In the common section of a theme and you try to use that variable in the common section like so:

body {
    background: $color;
}

Everything works as expected.


if you define

$color: red;

in the common section and then use it in the other sections of the theme like desktop and mobile, it works as well but you get an error in the editor:

Error: Undefined variable: "$color".
        on line 3 of theme_field.scss
>>     background: $color;
   ----------------^

However, this error is ignored by the compiler and the styles are applied anyway. If other “legit” errors are present, they will replace the false error.

So, the workaround for this is to simply ignore the error, but that will only happen if you know why it’s there.

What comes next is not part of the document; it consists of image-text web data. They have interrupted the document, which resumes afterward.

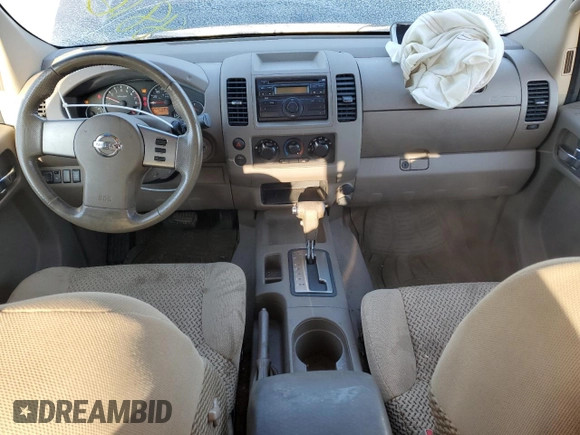 2008 Nissan Frontier SE with VIN 1N6AD06U28C401110, listed as a Copart auction lot 88165185 with 263,276 mi miles and Salvage title. Bid and sale history available at DreamBid. Image 8.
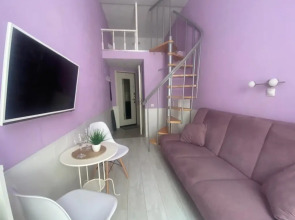 Квартира New Horizon Есения  атмосферное пространство с гамаком в 10 минутах от Невского проспекта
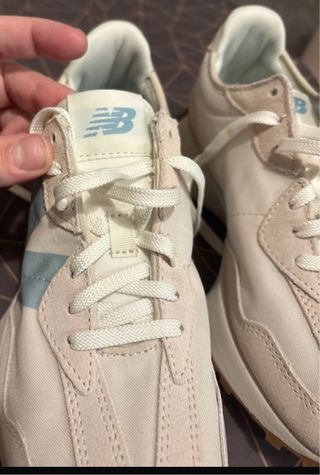 Zapatillas New Balance 327 Mujer T40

Everything above also applies to imported sheets that you import in the common section. For example you can import core variables in the common section like so:

@import "common/foundation/variables";

And use variables like this in the mobile section

body {
    background: $primary-low;
}

then you get the same result. The styles are applied but the error is still there.

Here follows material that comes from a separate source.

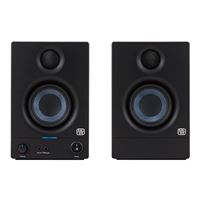 PreSonus Eris 3.5 Inch Studio Monitor Speakers - Black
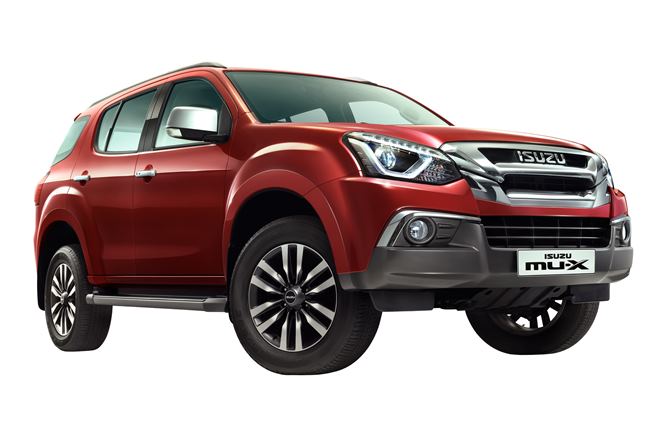 isuzu mux extended warranty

Error: Undefined variable: "$primary-low".
        on line 3 of theme_field.scss
>>     background: $primary-low;
   ----------------^

Variables defined in either the mobile or desktop sections are only available to their respective sections. This is sort of expected. So, no problems here.


Using variables across different themes

This has a lot to do with load order. If you define:

$color: red

in theme A and try to use it in theme B, it won’t work…

…unless theme B is a theme component of theme A. Then the variables will work, but you also get the same false error from earlier.

If you load theme A after theme B, it won’t work and you get a legit undefined error.


the desktop section in theme B will have access to variables declared in both the desktop and common sections of theme A

The mobile section in theme B will have access to variables declared in the mobile and common sections of theme A

The common section in theme B will have access to variables declared in the common section of theme A. It will also have access to variables in the current desktop / mobile view.

What that means is that if you’re on the mobile view in theme A, then the common section of theme B will have access to variables declared there. If you’re on the desktop view in theme A, then the common section in theme B will have access to variables declared in the desktop section of theme A.


The workaround for all of this is to declare your variables early, preferably in the main parent theme and also do it in the common section.

That way you can have as many different theme components under that parent theme and they could all share the variables declared in it.


Possible improvements

Fix the false error:

I think a very important thing to do is to eliminate that false error that says the variables are not defined even though they are.

Import / require themes:

I am a very big fan of the idea of building some sort of theme dependency structure.

As @sam pointed out, theme ids are relative the install you’re on. So while theme id “3” on meta can be the material design theme" on a different install, theme id “3” might be an empty new theme.

One (long term) possibility for remote themes:

Since remote themes are hosted on Github and Github doesn’t allow duplicate repository names on the same account, it might possible to piggyback on that and use the unique portion (/account_name/repo_name) of the theme’s url to generate a secondary unique universal id for it

image

This universal id can be used by theme authors to declare dependencies

We already use base62 for file names. So, (/account_name/repo_name) would become:

44ChYLUBte08Byd35IiJiH2Kwgg7viS5

And this is guaranteed to be a unique id for the theme.

This obviously won’t work for non-remote themes and I have no idea of the amount of work needed to make this work (probably A LOT) but I mentioned it because it’s related.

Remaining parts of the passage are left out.